Sometimes the internal customer is right too...Today we heard that British Airways has taken a big step in how it handles the PDAs and smart phones used by certain staff.
Traditionally, there are two approaches to a problem that affects most organisations now. At one extreme there is a lock-down, with mandates that only a certain device or devices based on a certain operating system be used. The BBC went through these growing pains some years ago, as revealed by silicon.com.
At the other end of the spectrum are organisations that bury their heads in the sand. We see this all too often, where otherwise well-run networks get all sorts of devices connecting to them unchecked. (And in case you ask, yes, iPods can be a danger here too – one of the reasons we follow that market.)
But BA is thinking differently.

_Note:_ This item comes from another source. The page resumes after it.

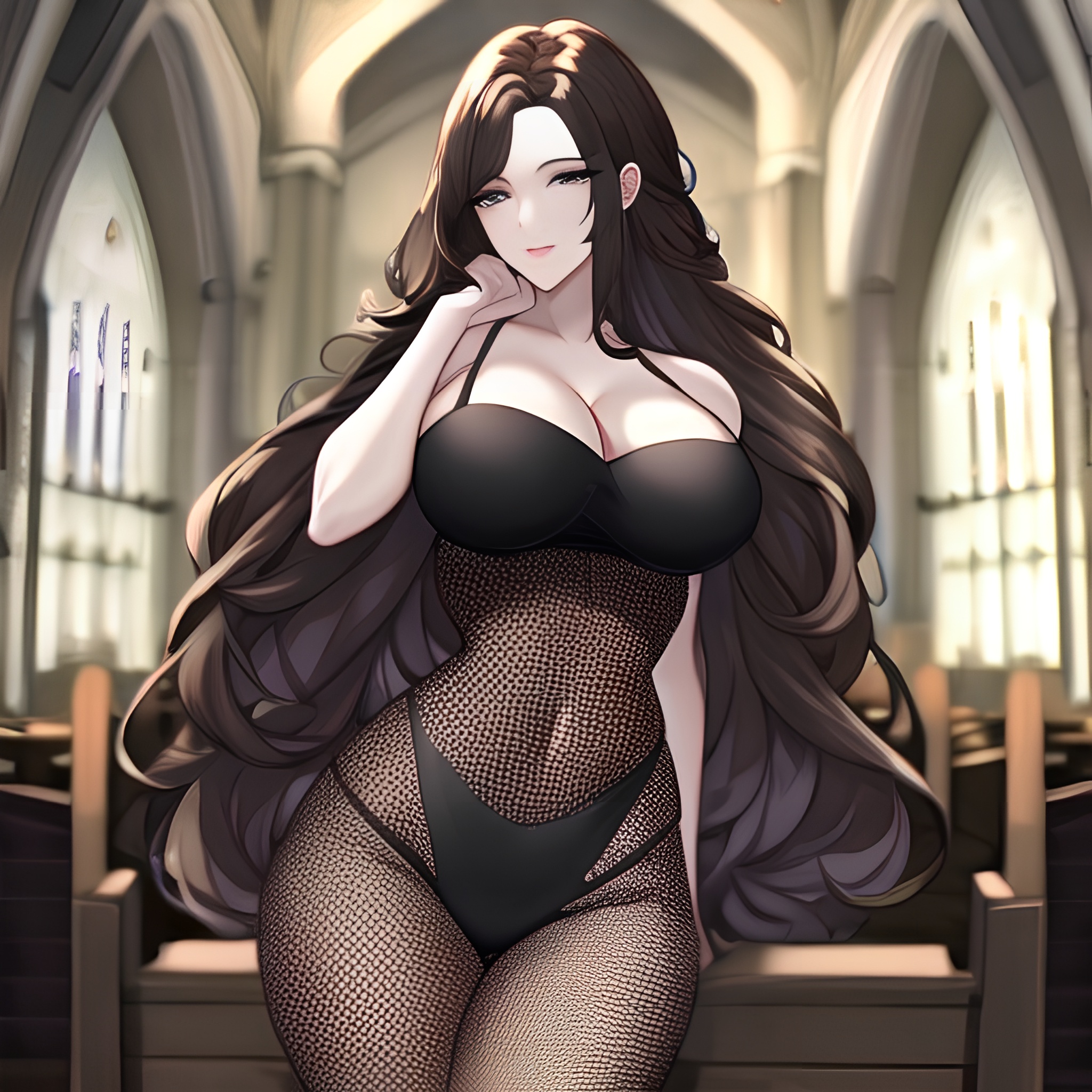fishnet church brunette messy hair woman long hair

With the help of one main partner, a mobile middleware provider, it has told some 500 or so executives that, within reason, they can use devices of their choice.
Sure, there are management issues, but as one analyst in this space pointed out, this is far better than letting all sorts of problems come in under the radar screen.

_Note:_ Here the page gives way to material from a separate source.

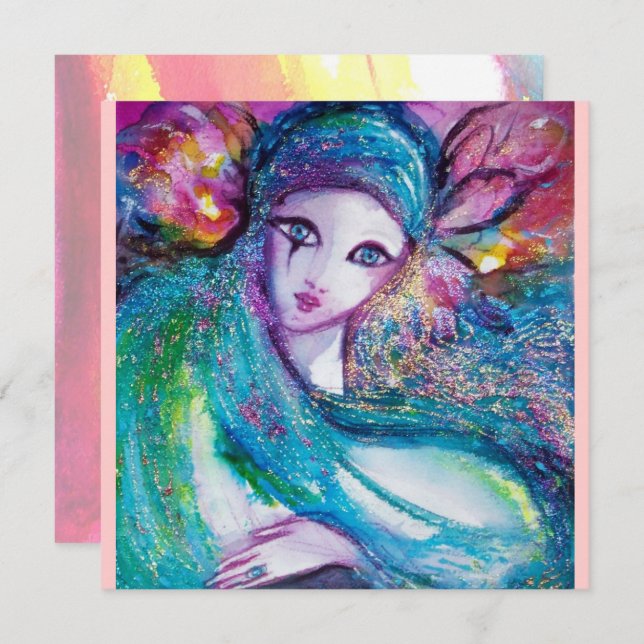 LADY BLUE MASK Masquerade Party Pink Teal Invite (Front/Back)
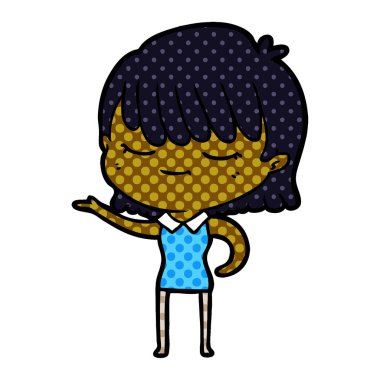 Çizgi filmdeki kadının vektör çizimi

In a similar way, we are increasingly seeing all sorts of organisations realise that far from trying to dictate which wireless networks their staff use, they should try to remain open-minded.
At this week's WLAN Event show in London, that has been a theme. Much like the days of PDAs surreptitiously being synced beside work PCs, we all know the stories about wireless LAN access points being connected to networks on individuals' desks. (Actually more likely underneath them, out of site, but that's a minor detail.) The idea was that if employers weren't going to set up flexible working in an office, hey, an IT literate staffer would.

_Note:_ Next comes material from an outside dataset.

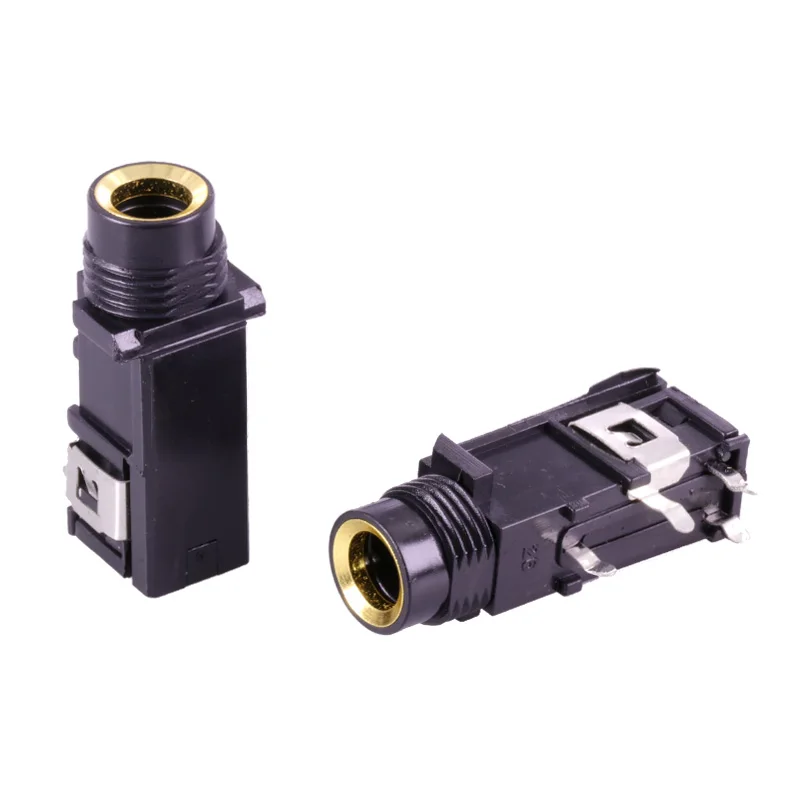 100pcs 6 35mm Jack stereo female socket connector speaker plug jack audio adapter 4pin microphone headphone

Spot the trends here? In this age of options when it comes to technology, it is hard if not impossible to ignore the ways that staff want to work. Trying to control behaviour – whether that be a device that is used or a bearer technology – rather than simplifying matters often leads to bigger problems.
That's why we back choice in the way we work, wherever possible – and, indeed, wherever economical.
But there is another good reason to ride this particular train. If a member of staff is choosing a Bluetooth connection one minute, Wi-Fi the next, then maybe 3G at another point in time, or if they are married to a particular smart phone, maybe, just maybe, there's a good reason for that.